AIM OF THE EXERCISE:
After locating the line that contains "People get enthused" in the data below, set down exactly that line and each one after it through the line that contains "MUJI/無印良品 オーク材 木製チェスト/4段引出", and nothing more.

ENTRIES SUPPLIED:

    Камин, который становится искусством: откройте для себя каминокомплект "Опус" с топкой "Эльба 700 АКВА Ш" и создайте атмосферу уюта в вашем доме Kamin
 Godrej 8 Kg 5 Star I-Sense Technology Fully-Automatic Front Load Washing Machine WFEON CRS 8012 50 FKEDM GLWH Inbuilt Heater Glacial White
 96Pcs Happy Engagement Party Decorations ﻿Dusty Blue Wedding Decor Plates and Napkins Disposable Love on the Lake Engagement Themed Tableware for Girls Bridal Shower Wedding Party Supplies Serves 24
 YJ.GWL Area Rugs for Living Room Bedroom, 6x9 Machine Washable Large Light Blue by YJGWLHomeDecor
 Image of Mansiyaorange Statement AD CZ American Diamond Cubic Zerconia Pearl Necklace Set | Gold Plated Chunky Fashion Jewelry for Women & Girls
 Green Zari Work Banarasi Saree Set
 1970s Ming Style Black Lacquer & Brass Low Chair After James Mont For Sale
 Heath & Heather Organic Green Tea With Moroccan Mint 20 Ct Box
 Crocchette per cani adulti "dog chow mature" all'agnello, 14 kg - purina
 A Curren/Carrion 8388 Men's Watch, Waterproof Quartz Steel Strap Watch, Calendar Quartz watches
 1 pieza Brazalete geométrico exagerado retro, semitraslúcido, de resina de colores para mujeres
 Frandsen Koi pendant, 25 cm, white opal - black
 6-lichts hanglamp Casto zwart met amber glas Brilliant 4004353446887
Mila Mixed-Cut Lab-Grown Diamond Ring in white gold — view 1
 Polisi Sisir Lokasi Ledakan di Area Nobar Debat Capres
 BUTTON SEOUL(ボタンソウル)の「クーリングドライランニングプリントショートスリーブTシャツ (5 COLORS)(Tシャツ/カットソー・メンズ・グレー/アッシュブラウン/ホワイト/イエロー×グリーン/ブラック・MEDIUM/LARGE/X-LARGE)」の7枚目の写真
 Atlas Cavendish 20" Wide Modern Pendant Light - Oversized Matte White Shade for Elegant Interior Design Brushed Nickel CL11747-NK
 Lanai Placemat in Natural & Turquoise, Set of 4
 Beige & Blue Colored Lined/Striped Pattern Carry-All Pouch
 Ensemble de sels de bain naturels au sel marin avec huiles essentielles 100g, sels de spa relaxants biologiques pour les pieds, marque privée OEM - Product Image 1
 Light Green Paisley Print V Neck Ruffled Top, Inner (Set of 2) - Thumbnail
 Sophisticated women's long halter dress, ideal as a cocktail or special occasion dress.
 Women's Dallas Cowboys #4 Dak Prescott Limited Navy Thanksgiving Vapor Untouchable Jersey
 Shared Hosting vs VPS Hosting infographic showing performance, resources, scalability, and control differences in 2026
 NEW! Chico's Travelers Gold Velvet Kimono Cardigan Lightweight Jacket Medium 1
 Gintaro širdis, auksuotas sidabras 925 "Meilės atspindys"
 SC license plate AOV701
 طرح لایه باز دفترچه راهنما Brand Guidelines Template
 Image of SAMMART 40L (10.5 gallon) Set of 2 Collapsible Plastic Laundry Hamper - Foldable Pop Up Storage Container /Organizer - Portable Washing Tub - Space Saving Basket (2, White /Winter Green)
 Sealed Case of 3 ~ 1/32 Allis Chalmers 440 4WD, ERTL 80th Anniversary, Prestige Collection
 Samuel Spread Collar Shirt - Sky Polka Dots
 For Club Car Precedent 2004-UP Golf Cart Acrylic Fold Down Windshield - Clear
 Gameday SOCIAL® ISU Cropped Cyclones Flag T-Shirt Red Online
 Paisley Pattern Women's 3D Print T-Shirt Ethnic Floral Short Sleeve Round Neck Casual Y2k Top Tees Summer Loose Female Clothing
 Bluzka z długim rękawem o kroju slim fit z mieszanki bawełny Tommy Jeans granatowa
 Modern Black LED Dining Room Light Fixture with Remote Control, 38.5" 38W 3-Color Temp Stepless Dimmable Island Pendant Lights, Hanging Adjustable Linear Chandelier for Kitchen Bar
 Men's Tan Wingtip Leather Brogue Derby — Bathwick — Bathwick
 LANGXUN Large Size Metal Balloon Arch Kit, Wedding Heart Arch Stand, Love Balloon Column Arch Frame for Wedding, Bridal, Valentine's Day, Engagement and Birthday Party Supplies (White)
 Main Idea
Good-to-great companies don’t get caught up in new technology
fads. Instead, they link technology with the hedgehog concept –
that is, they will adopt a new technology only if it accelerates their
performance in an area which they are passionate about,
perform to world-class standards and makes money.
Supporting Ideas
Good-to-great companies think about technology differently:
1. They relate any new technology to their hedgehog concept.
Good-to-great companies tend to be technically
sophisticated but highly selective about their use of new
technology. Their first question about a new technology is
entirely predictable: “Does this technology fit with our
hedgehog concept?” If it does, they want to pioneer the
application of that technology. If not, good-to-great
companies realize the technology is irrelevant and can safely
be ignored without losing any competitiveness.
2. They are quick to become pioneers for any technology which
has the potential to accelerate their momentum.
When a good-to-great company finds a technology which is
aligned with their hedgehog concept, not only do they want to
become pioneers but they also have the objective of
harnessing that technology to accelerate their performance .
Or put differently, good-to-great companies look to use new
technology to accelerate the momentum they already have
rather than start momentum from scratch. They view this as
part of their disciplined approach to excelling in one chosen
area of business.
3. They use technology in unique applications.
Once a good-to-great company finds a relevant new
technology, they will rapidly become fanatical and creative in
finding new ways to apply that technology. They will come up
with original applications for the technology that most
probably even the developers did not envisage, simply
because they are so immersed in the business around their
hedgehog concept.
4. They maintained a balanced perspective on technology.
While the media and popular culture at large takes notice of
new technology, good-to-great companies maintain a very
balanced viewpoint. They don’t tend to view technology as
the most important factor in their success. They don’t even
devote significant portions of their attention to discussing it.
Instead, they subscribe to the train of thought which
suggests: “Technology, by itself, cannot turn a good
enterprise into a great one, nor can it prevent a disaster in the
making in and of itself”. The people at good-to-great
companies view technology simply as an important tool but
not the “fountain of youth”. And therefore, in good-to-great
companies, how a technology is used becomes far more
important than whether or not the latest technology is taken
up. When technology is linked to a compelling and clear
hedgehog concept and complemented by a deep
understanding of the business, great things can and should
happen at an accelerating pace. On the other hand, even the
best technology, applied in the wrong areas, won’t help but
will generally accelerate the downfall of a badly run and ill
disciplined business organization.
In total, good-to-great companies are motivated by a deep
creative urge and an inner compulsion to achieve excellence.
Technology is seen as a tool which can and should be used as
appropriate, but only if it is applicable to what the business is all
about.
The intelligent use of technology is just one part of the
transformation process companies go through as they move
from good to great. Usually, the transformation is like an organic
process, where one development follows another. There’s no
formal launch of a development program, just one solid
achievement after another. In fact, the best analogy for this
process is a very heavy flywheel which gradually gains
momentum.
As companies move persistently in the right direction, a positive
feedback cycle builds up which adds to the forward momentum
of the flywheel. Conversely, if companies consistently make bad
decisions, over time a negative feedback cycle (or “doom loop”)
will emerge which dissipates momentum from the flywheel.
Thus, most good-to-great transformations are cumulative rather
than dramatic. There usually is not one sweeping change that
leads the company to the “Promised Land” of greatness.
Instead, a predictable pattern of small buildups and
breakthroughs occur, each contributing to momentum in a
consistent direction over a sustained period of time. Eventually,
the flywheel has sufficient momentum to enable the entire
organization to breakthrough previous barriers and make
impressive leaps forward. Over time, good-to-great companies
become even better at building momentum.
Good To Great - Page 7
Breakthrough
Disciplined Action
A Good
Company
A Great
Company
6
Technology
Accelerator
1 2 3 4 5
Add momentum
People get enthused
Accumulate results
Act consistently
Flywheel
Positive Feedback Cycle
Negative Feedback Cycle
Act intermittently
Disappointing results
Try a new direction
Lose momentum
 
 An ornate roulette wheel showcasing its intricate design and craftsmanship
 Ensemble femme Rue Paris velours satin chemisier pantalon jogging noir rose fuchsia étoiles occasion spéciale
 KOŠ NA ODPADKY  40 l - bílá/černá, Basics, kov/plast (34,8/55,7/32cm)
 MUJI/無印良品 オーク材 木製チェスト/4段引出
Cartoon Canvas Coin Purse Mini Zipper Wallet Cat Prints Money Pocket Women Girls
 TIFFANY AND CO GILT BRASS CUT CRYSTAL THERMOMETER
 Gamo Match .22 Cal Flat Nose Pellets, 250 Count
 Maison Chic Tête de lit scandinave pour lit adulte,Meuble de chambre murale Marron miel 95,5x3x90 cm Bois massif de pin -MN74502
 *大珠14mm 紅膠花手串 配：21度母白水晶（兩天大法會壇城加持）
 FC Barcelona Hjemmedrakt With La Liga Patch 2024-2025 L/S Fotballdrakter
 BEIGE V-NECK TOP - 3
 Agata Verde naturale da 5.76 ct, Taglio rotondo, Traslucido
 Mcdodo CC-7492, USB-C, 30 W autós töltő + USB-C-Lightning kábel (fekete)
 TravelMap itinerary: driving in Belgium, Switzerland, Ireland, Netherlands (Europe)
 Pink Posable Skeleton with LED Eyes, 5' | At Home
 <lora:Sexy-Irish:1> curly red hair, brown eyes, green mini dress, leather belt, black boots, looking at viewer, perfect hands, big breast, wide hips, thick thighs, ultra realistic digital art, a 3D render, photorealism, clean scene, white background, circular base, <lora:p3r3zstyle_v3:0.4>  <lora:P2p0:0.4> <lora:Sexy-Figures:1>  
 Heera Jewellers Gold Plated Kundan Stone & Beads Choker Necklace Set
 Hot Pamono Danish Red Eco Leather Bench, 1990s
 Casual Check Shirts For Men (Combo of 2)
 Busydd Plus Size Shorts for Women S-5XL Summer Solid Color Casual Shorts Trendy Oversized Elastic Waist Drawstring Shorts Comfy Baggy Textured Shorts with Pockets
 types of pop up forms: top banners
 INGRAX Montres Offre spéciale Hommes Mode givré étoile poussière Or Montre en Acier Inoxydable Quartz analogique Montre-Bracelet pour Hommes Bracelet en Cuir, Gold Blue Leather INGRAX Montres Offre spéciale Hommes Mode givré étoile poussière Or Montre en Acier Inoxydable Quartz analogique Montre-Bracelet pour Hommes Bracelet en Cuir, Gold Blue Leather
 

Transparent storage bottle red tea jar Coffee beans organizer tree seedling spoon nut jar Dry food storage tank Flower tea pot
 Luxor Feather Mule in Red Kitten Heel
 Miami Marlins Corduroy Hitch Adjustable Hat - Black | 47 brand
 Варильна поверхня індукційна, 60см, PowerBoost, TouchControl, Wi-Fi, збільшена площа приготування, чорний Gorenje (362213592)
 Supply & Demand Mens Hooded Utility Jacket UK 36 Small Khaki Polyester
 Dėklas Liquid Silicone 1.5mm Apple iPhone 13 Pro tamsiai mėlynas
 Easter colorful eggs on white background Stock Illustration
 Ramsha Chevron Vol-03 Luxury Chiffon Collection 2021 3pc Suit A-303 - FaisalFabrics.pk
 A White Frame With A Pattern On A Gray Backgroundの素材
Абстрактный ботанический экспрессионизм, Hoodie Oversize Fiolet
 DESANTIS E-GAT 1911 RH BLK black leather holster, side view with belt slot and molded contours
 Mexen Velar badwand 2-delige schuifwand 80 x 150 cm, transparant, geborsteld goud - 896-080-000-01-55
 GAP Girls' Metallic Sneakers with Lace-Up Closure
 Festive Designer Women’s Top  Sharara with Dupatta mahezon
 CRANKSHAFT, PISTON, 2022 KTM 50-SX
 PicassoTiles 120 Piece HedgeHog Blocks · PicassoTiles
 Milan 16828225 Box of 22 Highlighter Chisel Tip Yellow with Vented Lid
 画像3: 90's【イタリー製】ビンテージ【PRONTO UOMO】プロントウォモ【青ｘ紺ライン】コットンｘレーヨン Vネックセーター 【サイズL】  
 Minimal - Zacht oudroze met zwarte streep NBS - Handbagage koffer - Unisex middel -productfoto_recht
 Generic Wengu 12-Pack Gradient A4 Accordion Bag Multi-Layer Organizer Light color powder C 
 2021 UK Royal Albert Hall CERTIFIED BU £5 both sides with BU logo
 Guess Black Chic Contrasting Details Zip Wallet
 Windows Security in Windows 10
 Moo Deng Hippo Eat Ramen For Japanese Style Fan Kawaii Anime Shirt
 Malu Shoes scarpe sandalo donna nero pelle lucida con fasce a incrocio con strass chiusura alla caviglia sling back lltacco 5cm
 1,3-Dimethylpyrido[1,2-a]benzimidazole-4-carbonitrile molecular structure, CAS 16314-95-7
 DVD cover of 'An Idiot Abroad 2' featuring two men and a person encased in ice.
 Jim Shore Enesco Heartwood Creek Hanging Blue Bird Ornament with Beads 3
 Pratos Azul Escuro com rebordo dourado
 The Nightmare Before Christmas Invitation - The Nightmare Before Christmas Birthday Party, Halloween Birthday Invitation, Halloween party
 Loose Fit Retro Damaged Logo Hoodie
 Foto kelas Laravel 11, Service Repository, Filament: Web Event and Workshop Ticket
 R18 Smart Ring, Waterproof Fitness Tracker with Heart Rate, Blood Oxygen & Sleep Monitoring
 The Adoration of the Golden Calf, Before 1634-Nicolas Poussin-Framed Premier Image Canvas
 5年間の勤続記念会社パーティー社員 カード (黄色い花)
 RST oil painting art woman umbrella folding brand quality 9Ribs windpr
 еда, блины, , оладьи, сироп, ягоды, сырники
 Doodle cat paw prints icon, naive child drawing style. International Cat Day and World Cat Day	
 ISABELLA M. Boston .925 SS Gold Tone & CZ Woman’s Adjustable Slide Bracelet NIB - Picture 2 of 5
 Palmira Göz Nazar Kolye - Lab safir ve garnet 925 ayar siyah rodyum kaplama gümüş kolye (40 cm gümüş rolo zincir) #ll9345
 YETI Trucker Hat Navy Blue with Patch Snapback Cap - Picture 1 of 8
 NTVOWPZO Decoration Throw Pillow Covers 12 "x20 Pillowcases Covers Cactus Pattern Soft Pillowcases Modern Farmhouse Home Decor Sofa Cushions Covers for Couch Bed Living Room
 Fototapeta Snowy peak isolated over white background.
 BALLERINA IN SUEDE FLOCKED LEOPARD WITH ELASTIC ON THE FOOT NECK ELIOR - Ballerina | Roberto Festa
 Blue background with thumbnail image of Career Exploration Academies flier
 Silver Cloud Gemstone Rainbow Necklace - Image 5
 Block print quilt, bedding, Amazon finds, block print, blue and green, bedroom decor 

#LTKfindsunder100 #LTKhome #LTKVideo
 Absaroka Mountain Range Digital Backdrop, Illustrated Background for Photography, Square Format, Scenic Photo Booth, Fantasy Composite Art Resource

SOLVED EXERCISE:
People get enthused
Accumulate results
Act consistently
Flywheel
Positive Feedback Cycle
Negative Feedback Cycle
Act intermittently
Disappointing results
Try a new direction
Lose momentum
 
 An ornate roulette wheel showcasing its intricate design and craftsmanship
 Ensemble femme Rue Paris velours satin chemisier pantalon jogging noir rose fuchsia étoiles occasion spéciale
 KOŠ NA ODPADKY  40 l - bílá/černá, Basics, kov/plast (34,8/55,7/32cm)
 MUJI/無印良品 オーク材 木製チェスト/4段引出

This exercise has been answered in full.